Tarangire National Park
★★★ Tarangire — Land of Elephants and Baobabs
Tarangire is the most underrated park of the Northern Circuit — and for many visitors, the most beautiful surprise. Spanning 2,850 km², it features a dramatic landscape of gentle hills, open savanna, and ancient baobab trees that give the scenery an almost surreal character.
Tarangire is famous for its elephant herds — in the dry season (June–October), up to 3,000 elephants gather at the Tarangire River, the only permanent water source in the region. The density is so high that you see herds of 50–100 animals at once — babies, teenagers, huge matriarchs. An overwhelming spectacle.

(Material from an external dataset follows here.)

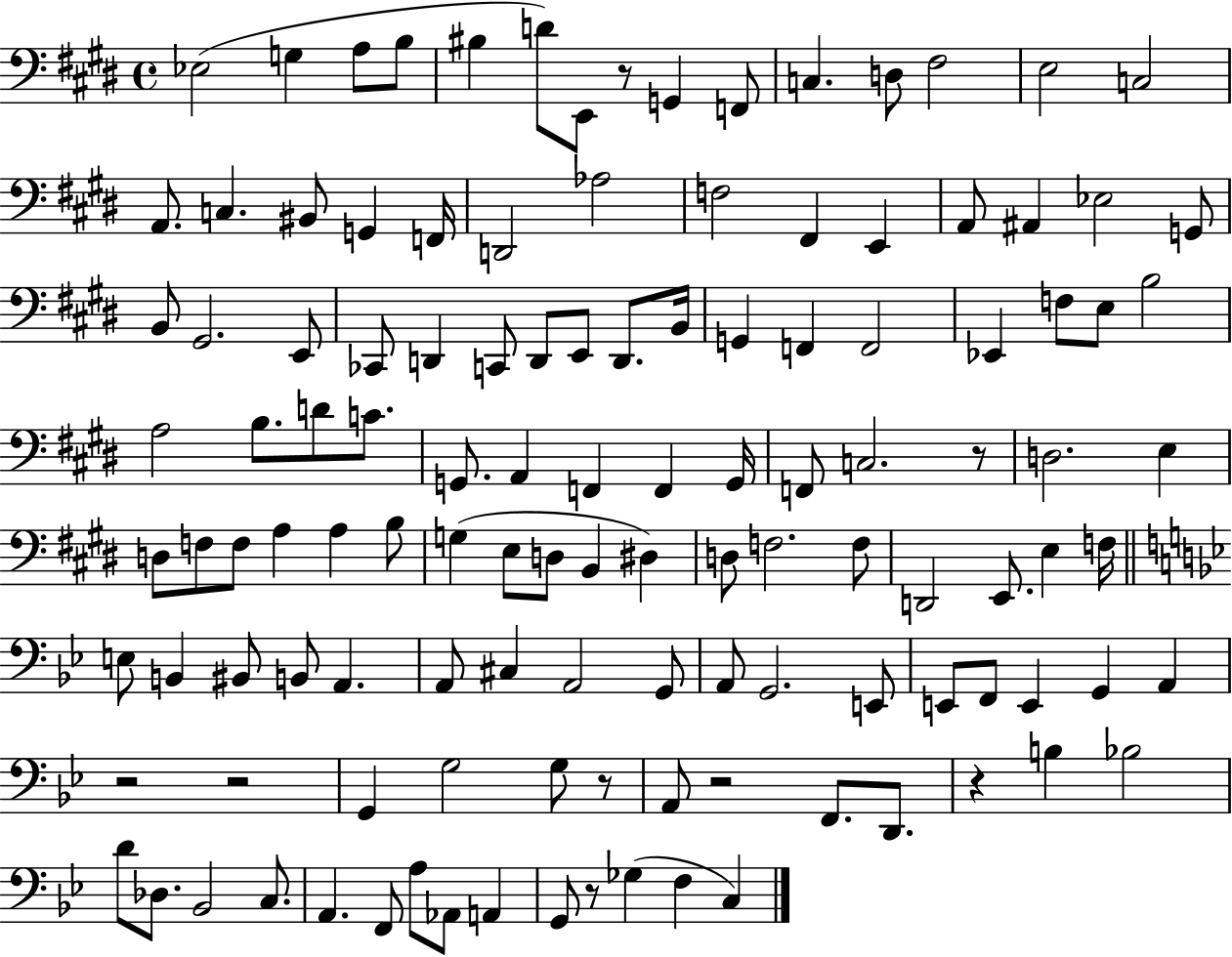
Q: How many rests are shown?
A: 8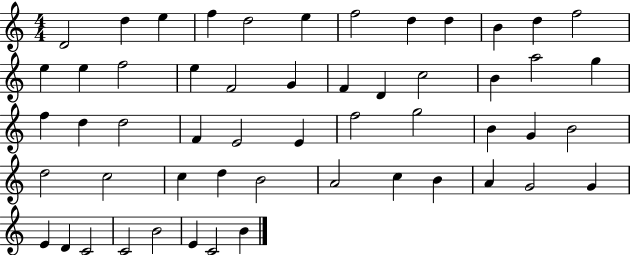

Additionally, Tarangire offers: lions (often in trees!), leopards, huge pythons in the baobabs, over 550 bird species (more than any other park in Tanzania), and the rare oryx antelopes and gerenuks (giraffe gazelles).
Highlights
- Elephants by the river: The main attraction. Dramatic in the dry season — the animals dig with their trunks for water in the dry riverbed.
- Baobab landscape: Some baobabs are over 1,000 years old and 25 m tall. The sunsets behind the gnarled silhouettes are legendary.
- Tree-climbing lions: Like at Lake Manyara, the lions in Tarangire climb trees — a phenomenon that occurs in only a few places in the world.
- Termite mounds: The huge, cathedral-like mounds are everywhere — some over 5 m high. Dwarf mongooses and monitors use them as vantage points.
💡 Tipp
Tarangire is often only planned as a "pass-through" to the Serengeti — a mistake! Plan at least one full overnight stay. The game drives in the early morning and late afternoon are particularly rewarding here, and the camps by the river are among the most atmospheric in Tanzania.